The complexities of India as a democracy come to the fore during elections. Indian politics has layers of region, caste, religion, at play. Add to that political aspirations of party workers and the issues of the electorate.

All this is currently visible in the hill state of Uttarakhand that goes to polls in the first phase of the forthcoming Lok Sabha elections on April 19. Although it is among the smaller states of the Indian union, Uttarakhand and its politicians have been hogging the limelight for all the wrong reasons for quite some time.

Though it is seen as one of the ‘dream states’, and turf of the right-wing majoritarian forces, the ruling Bharatiya Janata Party (BJP) candidates are facing a daunting task in the state this time.

In the 2014 and 2019 elections, the saffron party had made a clean sweep of the Lok Sabha polls in all the five parliamentary constituencies. In the 2009 elections it was the Congress that had stunned the poll observers by winning all the seats.

But a lot of water has flowed under the bridge in the last ten years. In Polls 2024, all the seats have a straight fight between the Congress and BJP.

Others such as the Uttarakhand Kranti Dal (UKD) have put up candidates on three seats. However, this lone regional force stands pushed to the margins of the state polity for quite some time now.

The same is the case with Bahujan Samaj Party (BSP) that suddenly announced candidates on all five seats. However, the BSP has ceased to have much of a support base in the state. It once had some support in the plains.

Observers say that the BSP’s support base has been eroded in its erstwhile ‘fortress’ of Uttar Pradesh, and it can hardly expect support from the voters in Uttarakhand. The BSP’s entry is being seen as an attempt to have some impact on the poll dynamics.

Coming back to the main contenders, Tehri Garhwal seat is witnessing a battle between BJP candidate Mala Rajya Laxmi Shah who hails from Tehri royal family, and Congress’ candidate Jot Singh Gunsola. Then there is Bobby Panwar, a rookie independent candidate, who is giving jitters to both his rivals as large crowds turn up in his support.

The Haridwar constituency is witnessing a battle between former BJP Chief Minister Trivendra Singh Rawat, and Virendra Rawat who is the son of former Congress Chief Minister Harish Rawat.

In the Pauri seat there is a high voltage battle going on between Anil Baluni of the BJP and Ganesh Godiyal of the Congress. In the Kumaon region the battle for the Nainital-Udham Singh Nagar seat is between Union Minister Ajay Bhatt of the BJP and Prakash Joshi of the Congress.

In the lone reserved seat of Almora the fight is once again between rivals Ajay Tamta of the BJP and Pradeep Tamta of the Congress.

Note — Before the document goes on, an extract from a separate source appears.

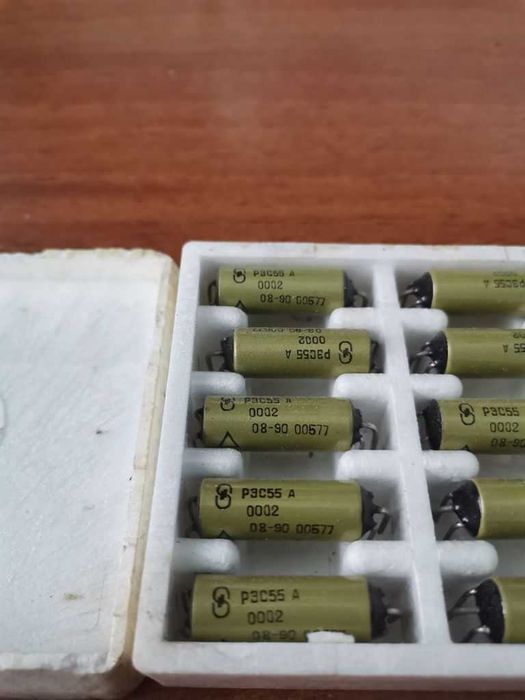 Реле РЭС РЕС рес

What has come as a surprise is that the battle on the five seats which were seen as a cake walk for the BJP is now turning out to be something different. It is not the Congress that has emerged as a challenger to the BJP, but the common people who are questioning the local leadership of the saffron party.

Many are openly saying that they are not keen to vote for the local BJP leaders. However, even though the people are questioning the local BJP leaders they are demonstrating a continued admiration for Prime Minister Narendra Modi.

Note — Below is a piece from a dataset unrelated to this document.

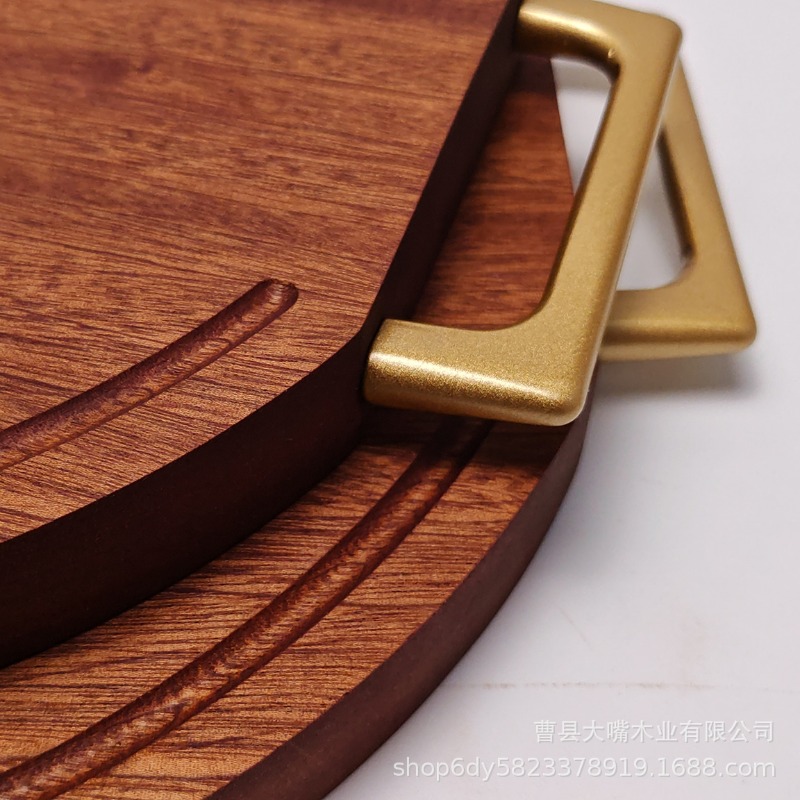 Rosewood Chopping Board Antiba - Bamboo Cutting Board 评论和价格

At the same time the same people are feeling “let down” by the Congress leadership. Questions are being raised if the Congress has surrendered on some of the seats in the face of continuing departure of several leaders.

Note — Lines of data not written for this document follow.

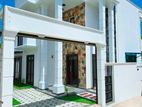 Luxury Brand new House for sale in Piliyandala Kesbawa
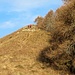 Discesa dal Cimone di Margno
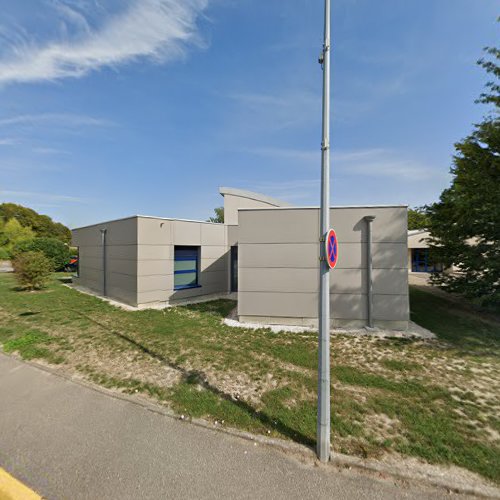 École maternelle Ecole Fabre d'Eglantine Revigny-sur-Ornain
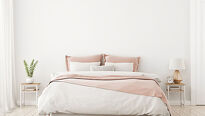 Skvelé tipy na dizajn spálne, v ktorej budete spať ako v bavlnke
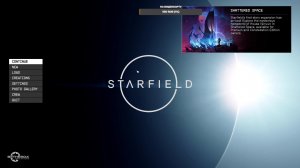 Starfield прохождение часть 2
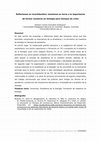 Research paper thumbnail of Reflexiones en incertidumbre: tensiones en torno a la importancia de formar maestros en biología para tiempos de crisis - ISSN: 0329-5192 p.192 - 192 v.2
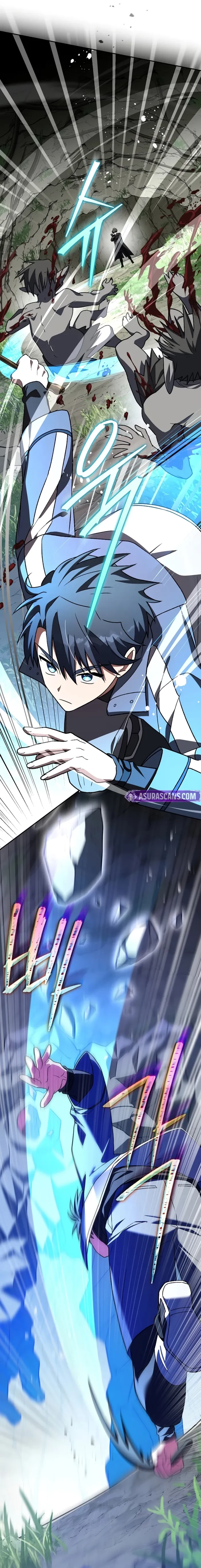 The Novel’s Extra (Remake) Chapter 149 - 10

Those who left the party included the sitting MLA from Badrinath Rajendra Bhandari, and former minister Dinesh Aggarwal who was once a close confidant of Harish Rawat. Both of them have joined the BJP.

The question being discussed by the people on the streets is what stopped the Congress high command from fielding heavyweights like Harish Rawat, Pritam Singh and Yashpal Arya on Haridwar, Tehri-Garhwal and Nainital-Udham Singh Nagar seats. Why did they opt out of the race and why was their decision accepted?

Harish Rawat had won the Haridwar parliamentary seat in 2009 after descending from his traditional seat of Almora. He had stunned everyone with a poll campaign that was never seen before.

Yashpal Arya being a Dalit face and a former state unit chief could have been a strong face from both Nainital-Udham Singh Nagar or even the reserve seat of Almora.

Similarly, Pritam Singh is a strong leader from the Jaunsar Bhabar belt and is also a former state unit chief. There have been stories in the local press that Pritam Singh had asked his supporters to not even suggest his name as a contender to the party observers who were out to zero in on the candidate on the different seats.

Congress workers say that the party should have chosen its candidates well in advance. They added that the poll campaign should have been kicked off early, as the BJP’s tactics to win the five seats and also send out ‘polarising messages’ from this turf have been underway for quite some time.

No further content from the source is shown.